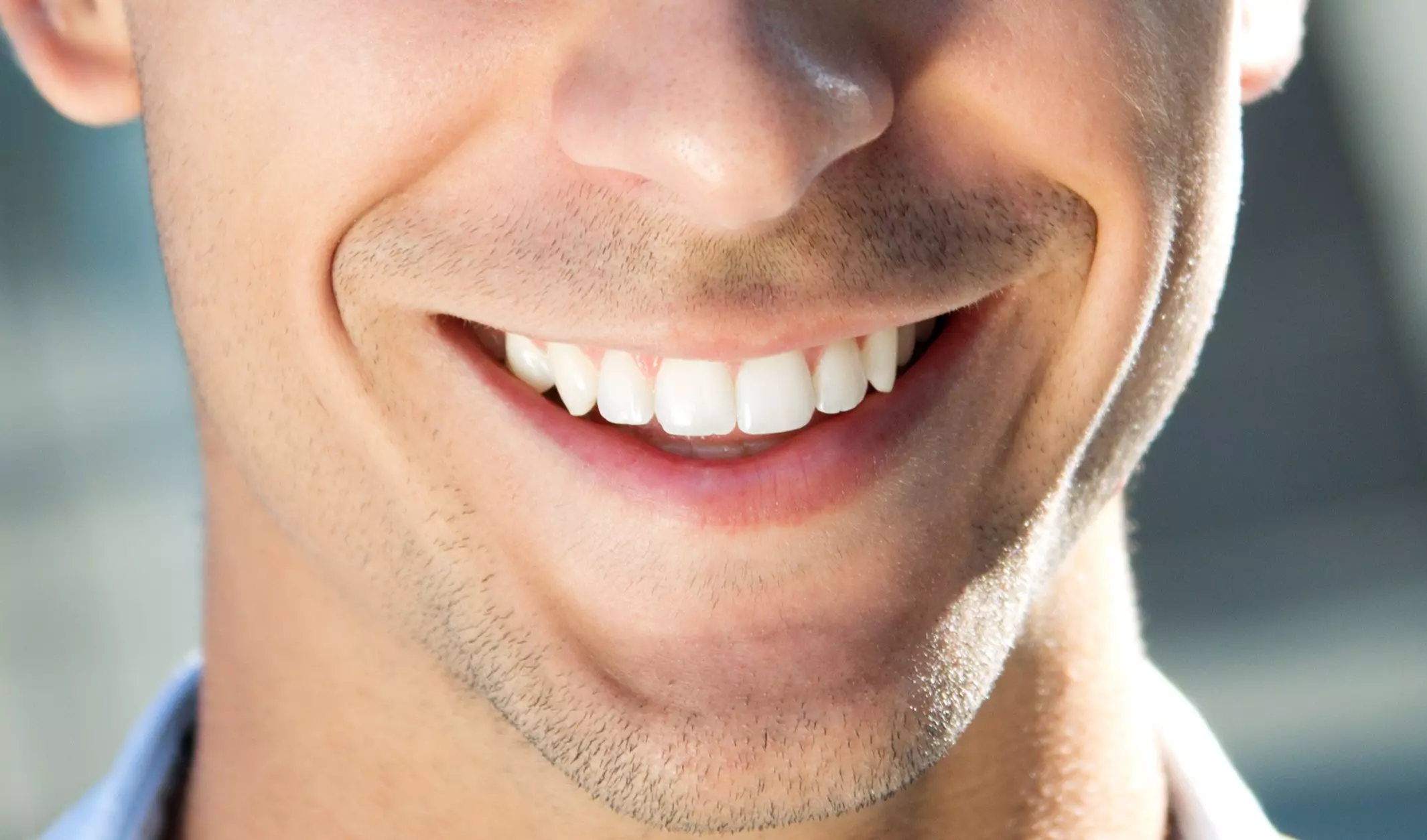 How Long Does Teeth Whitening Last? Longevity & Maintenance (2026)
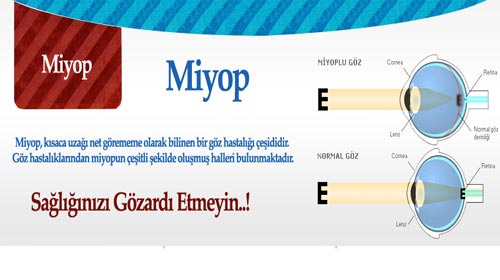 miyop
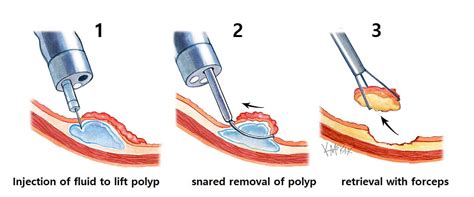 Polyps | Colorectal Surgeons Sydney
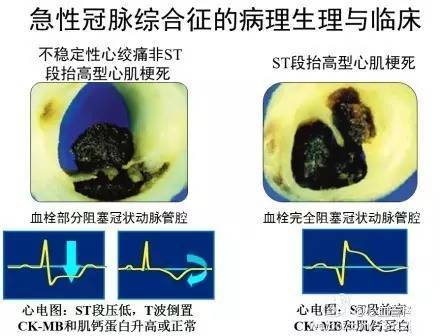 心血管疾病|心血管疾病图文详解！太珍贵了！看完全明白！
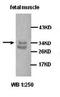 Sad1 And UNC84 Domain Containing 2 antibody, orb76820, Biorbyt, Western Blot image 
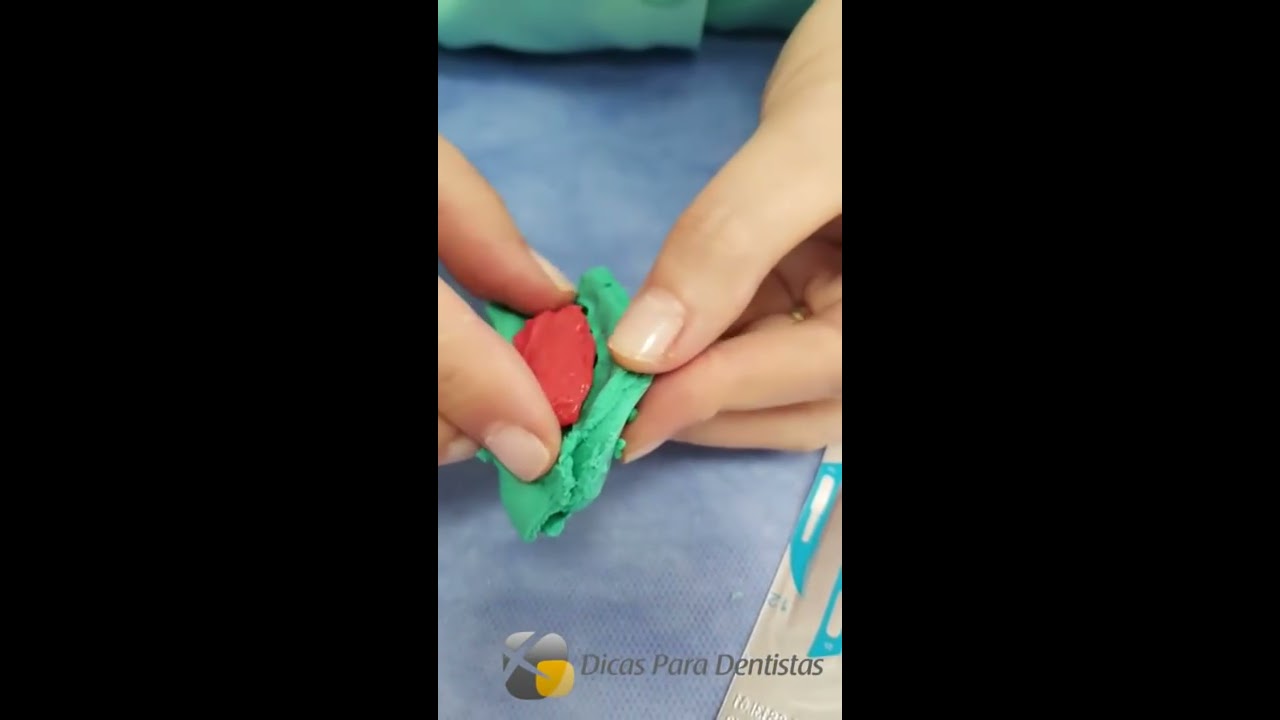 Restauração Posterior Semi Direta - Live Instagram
---
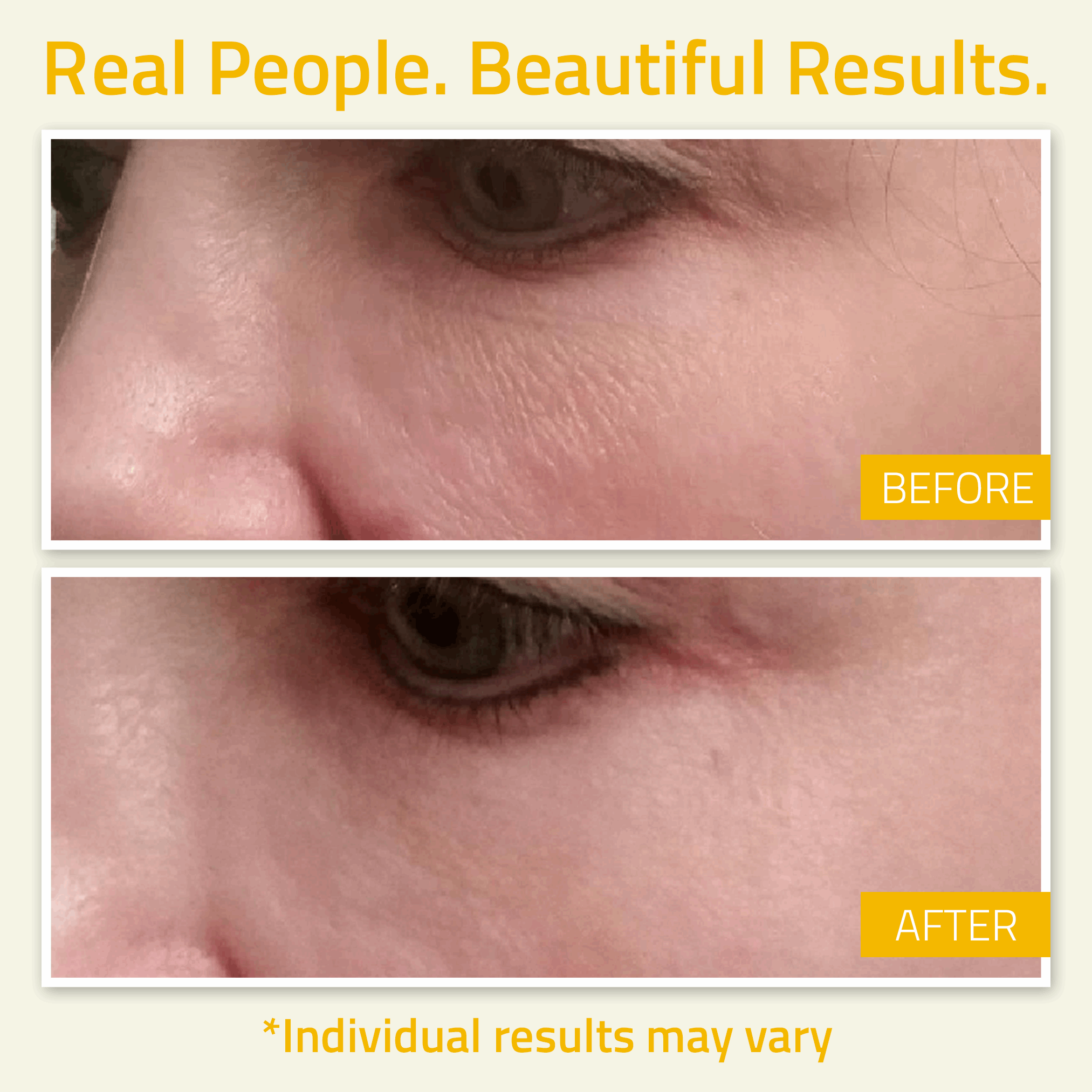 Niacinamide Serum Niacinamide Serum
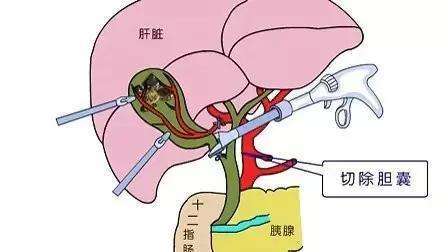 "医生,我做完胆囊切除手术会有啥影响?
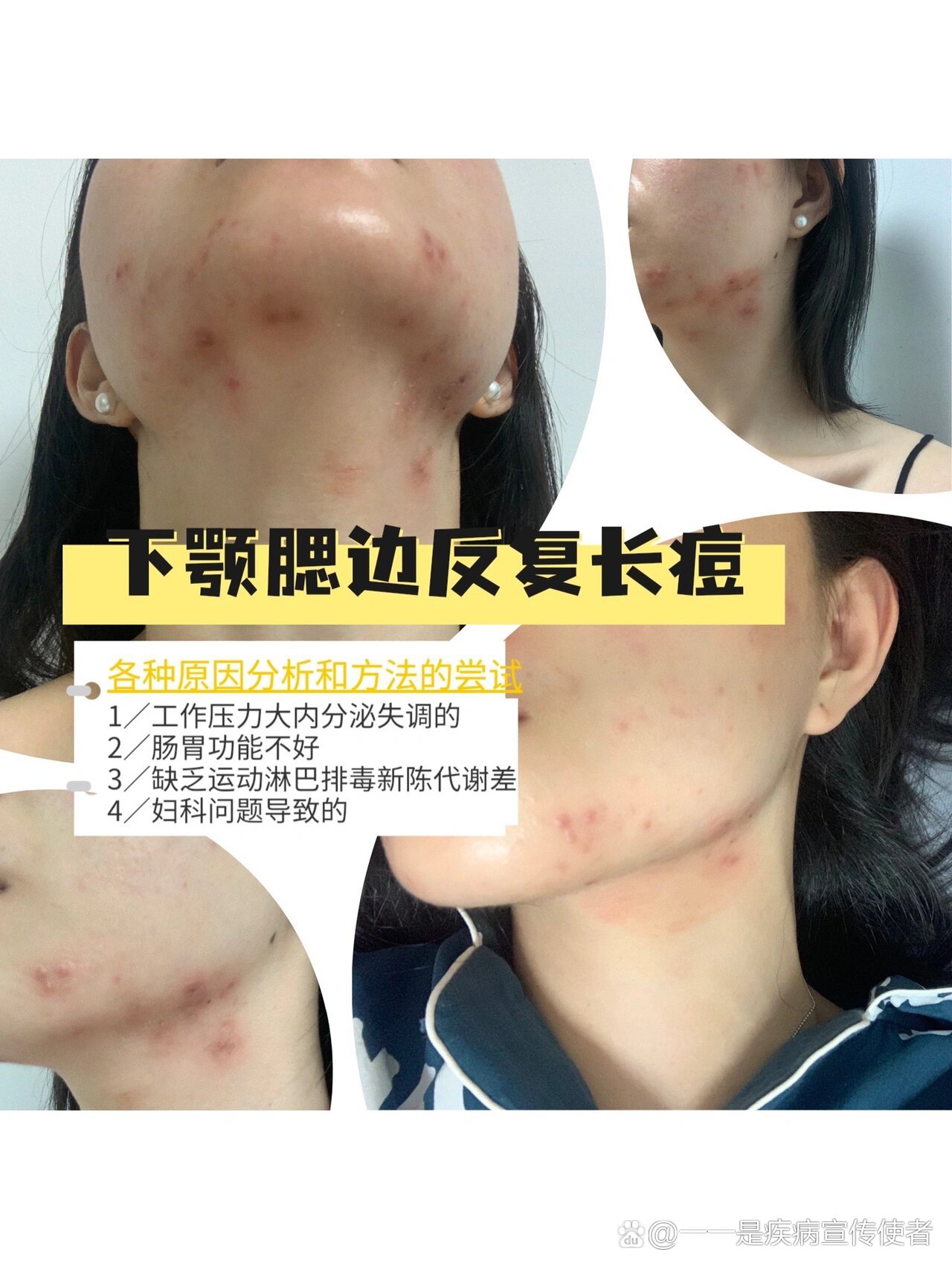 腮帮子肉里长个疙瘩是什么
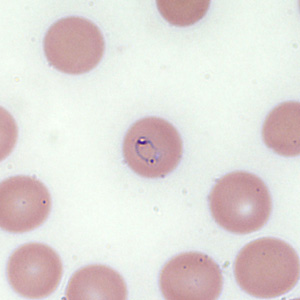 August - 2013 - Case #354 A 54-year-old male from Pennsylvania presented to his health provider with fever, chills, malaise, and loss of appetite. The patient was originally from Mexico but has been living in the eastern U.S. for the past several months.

* **What is required**: Reproduce the lines above starting at the one with "How Long Does" and ending at the one with "Restauração Posterior Semi", both included, exactly and with no pictures.

* **Solved exercise**:
 How Long Does Teeth Whitening Last? Longevity & Maintenance (2026)
 miyop
 Polyps | Colorectal Surgeons Sydney
 心血管疾病|心血管疾病图文详解！太珍贵了！看完全明白！
 Sad1 And UNC84 Domain Containing 2 antibody, orb76820, Biorbyt, Western Blot image 
 Restauração Posterior Semi Direta - Live Instagram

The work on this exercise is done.